Jeera prices surged by 3.71%, settling at 27,985, driven by low-level buying after recent drops attributed to higher production prospects in Gujarat and Rajasthan. The current rabi season has witnessed jeera acreage hitting a four-year high, notably in key producing states like Gujarat and Rajasthan. Farmers, inspired by record prices in the previous marketing season, significantly increased cultivation areas. In Gujarat, jeera cultivation expanded to cover 5.60 lakh hectares, marking a substantial 160% increase from the previous year. Similarly, Rajasthan saw a 25% increase in jeera cultivation, reaching 6.90 lakh hectares. However, the surge in Indian jeera production is met with challenges such as lower water availability, fewer cold days, and concerns about potential attacks from fusarium wilt and other pests. Additionally, the global demand for Indian jeera has slumped as buyers prefer other destinations like Syria and Turkey due to higher prices in India. The country anticipates a potentially bumper crop, but other major jeera-producing nations like China, Egypt, and Syria also expect higher yields, impacting the global market. Jeera exports during April-October 2023 dropped by 34.02%, standing at 76,367.90 tonnes compared to the same period in 2022. In October 2023, around 6,228.01 tonnes of jeera were exported, showing a drop of 13.39% compared to September 2023 and a significant 46.77% drop compared to October 2022. In the major spot market of Unjha, the price ended at 30,807.9 Rupees, reflecting a gain of 0.34%. From a technical standpoint, the market is currently experiencing fresh buying, with a 1.64% gain in open interest, settling at 1,863. Prices are up by 1,000 rupees. Jeera is finding support at 27,130, and a break below this level could test 26,260. Resistance is now likely at 28,540, with a move above potentially leading to prices testing 29,080.
Trading Ideas:
* Jeera trading range for the day is 26260-29080.

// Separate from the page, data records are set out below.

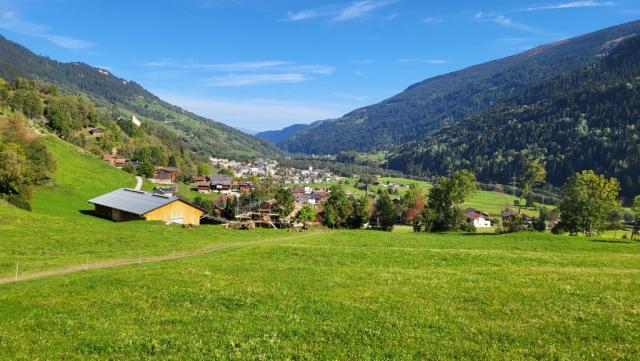 ...hat man eine schöne Aussicht auf die untere Surselva...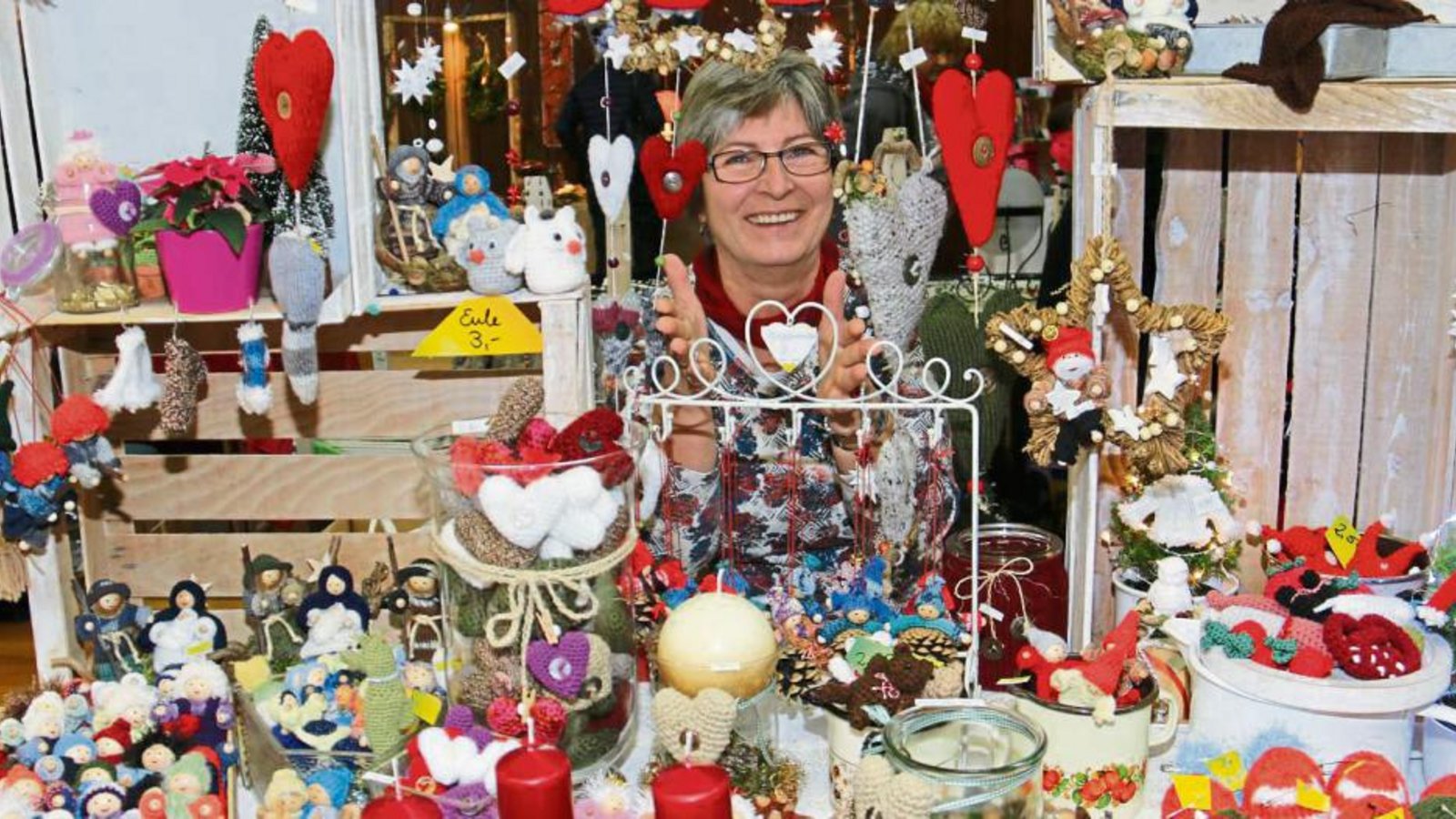 Karin Bechstein aus Bretten blickt durch ihr Gehäkeltes und Gestricktes.  Fotos: Rücker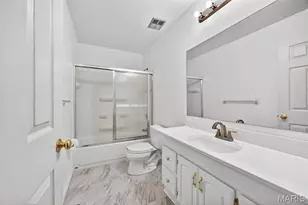 15024 Lake Clay Dr, Chesterfield, MO 63017 - Photo 33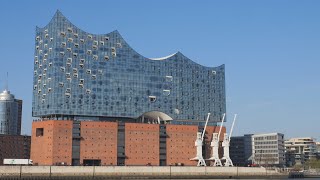 Hamburg Elbphilharmonie
Das Video zeigt tolle Bilder und detaillierte Informationen zur Elbphilharmonie in Hamburg.
Musik:
Symphony No. 5 (by Beethoven)
Kamera: Panasonic GH6
#Hamburg #elbphilharmonie #Beethoven #gh6 #panasonic Hamburg Elbphilharmonie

* Jeera gains on low level buying after prices dropped due to higher production prospects
* In Gujarat, Cumin sowing witnessed very strong growth by nearly 103% with 530,030.00 hectares against sown area of 2022
* Stockists are showing interest in buying on recent downfall in prices triggering short covering.
* In Unjha, a major spot market, the price ended at 30807.9 Rupees gained by 0.34 percent.